True cost will depend on EPA protecting ordinary taxpayers
Thursday, September 4, 2014
As a result of a U.S. District Judge finding British Petroleum (BP) grossly negligent in its role in the Deepwater Horizon disaster, BP will likely pay up to $18 billion for violations of the Clean Water Act. But if the Environmental Protection Agency fails to specifically forbid it, BP could take a tax windfall of up to $6.3 billion from a settlement deal, effectively shifting over a third of the cost back onto taxpayers.
“While protecting the water, the EPA should also protect taxpayers,” said Michelle Surka, program associate with the U.S. Public Interest Research Group. “The agency should ensure that a settlement with BP will deny any write-offs for its gross negligence.”

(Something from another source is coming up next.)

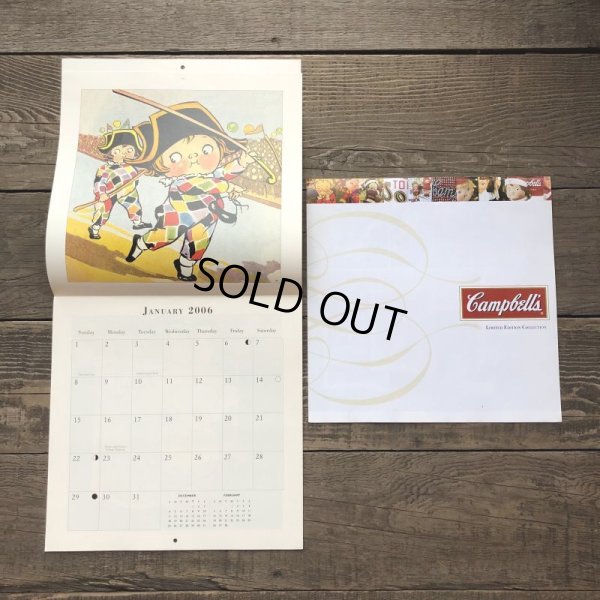 画像2: Vintage Campbell Soup Kid Calendar 2006 (T080)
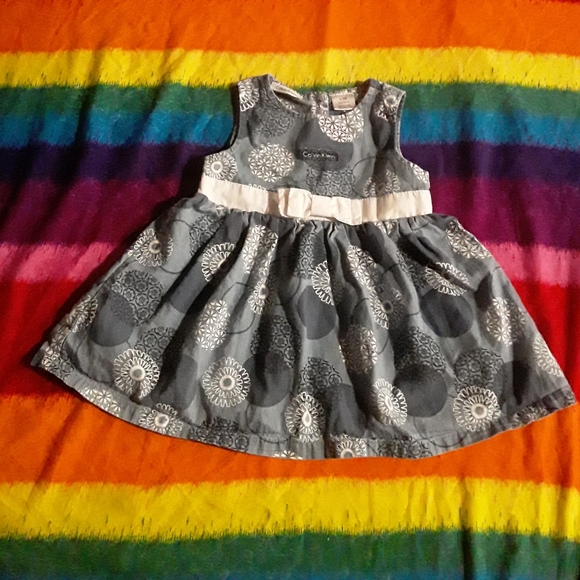 Calvin Klein Baby Girl 6-9 Months Casu/Form Dress - Picture 4 of 14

BP has already written off the cost of its cleanup effort after the spill, earning a tax windfall of $10 billion. Federal agencies made no effort to prevent this giveback through the tax system. By contrast, the Department of Justice reached a settlement with BP for its role in the deaths of 11 workers who were onboard the oil rig when it exploded. That $4 billion settlement with the Justice Department specified that it was not tax-deductible.
In August 2014, the EPA settled with the Exxon Mobil Pipeline Company over Clean Water Act violations stemming from a 2012 oil spill in Louisiana. In that settlement agreement, the EPA included a clause stating that ExxonMobil could not “deduct or capitalize the civil penalty...in calculating its federal income tax.” But many other large federal settlements in recent years have allowed corporations to write them off as normal business expenses. Last month’s Bank of America and Goldman Sachs settlements, for instance, failed to prohibit deductibility.
“BP will write off any settlement, unless the EPA forbids it,” said Surka. “If the EPA seeks to establish that gross negligence is never business as usual, settlement payments must not be treated as ordinary business costs for tax purposes.”